50 | Published by VMT at Sep 05 2024
Tapping and threading are fundamental processes in the world of CNC machining, each essential for creating threaded holes used in assembling components with screws, bolts, or other fasteners. While they may seem similar, tapping and threading differ significantly in technique, tools, and applications. This article provides a detailed comparison between tapping and threading, exploring their differences, similarities, advantages, and limitations. By understanding these processes, manufacturers and engineers can make informed decisions to achieve optimal results in CNC machining, whether in mass production or custom CNC machining projects.
Tapping and threading are both methods used to create threads in a hole, allowing for the insertion of a screw or bolt. These processes are critical in manufacturing, particularly in industries that require precision CNC machining parts, such as automotive, aerospace, and electronics.
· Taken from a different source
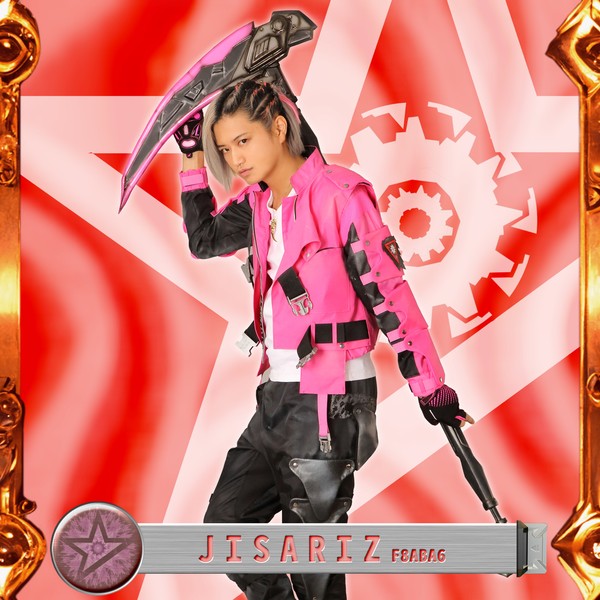 JISARIZ F8ABA6 BR001-18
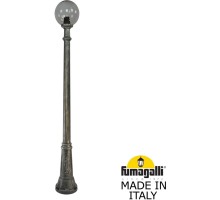 Наземный фонарь GLOBE 250 G25.156.000.BZF1R Fumagalli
Tapping is the process of cutting internal threads in a pre-drilled hole using a tool known as a tap. The tap is rotated into the hole, removing material to form the threads that will accommodate a corresponding screw or bolt. Tapping is a straightforward and widely used method in CNC machining services, suitable for creating threads in various materials, including metals and plastics. Taps come in different forms, including taper taps, plug taps, and bottoming taps, each designed for specific applications and thread depths. Tapping is particularly useful in scenarios where quick, reliable threading is required, especially in smaller holes or when dealing with materials that are easy to machine.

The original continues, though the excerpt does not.